In the listing below, the lines starting at the line with "1 rouble 1727 year" and ending at the line with "godaddy买域名教程" are to be output verbatim. Images stay out of the copy.
RECORDS SHOWN Start Marker
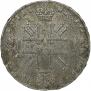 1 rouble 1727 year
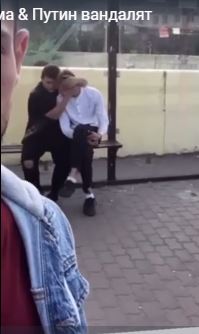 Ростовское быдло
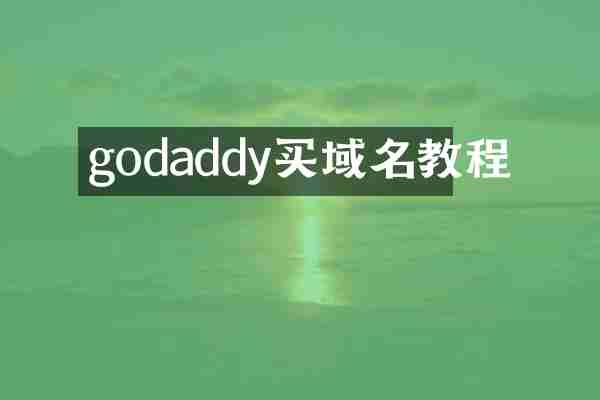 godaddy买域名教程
RECORDS SHOWN End Marker
RECORDS SHOWN Start Marker
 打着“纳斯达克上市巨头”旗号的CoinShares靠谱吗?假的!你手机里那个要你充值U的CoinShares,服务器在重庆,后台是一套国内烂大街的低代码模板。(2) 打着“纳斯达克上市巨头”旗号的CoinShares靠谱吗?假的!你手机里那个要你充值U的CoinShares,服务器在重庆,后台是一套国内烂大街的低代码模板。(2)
RECORDS SHOWN End Marker
RECORDS SHOWN Start Marker
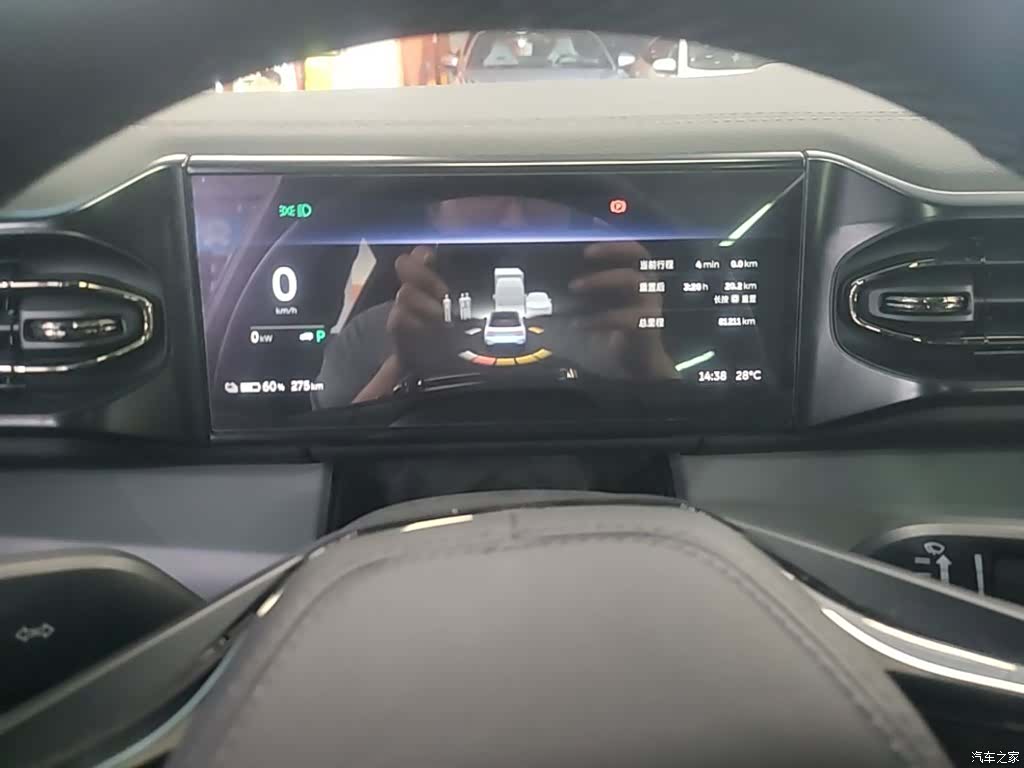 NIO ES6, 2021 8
RECORDS SHOWN End Marker
§ **OUTPUT OF THE EXERCISE**:
 1 rouble 1727 year
 Ростовское быдло
 godaddy买域名教程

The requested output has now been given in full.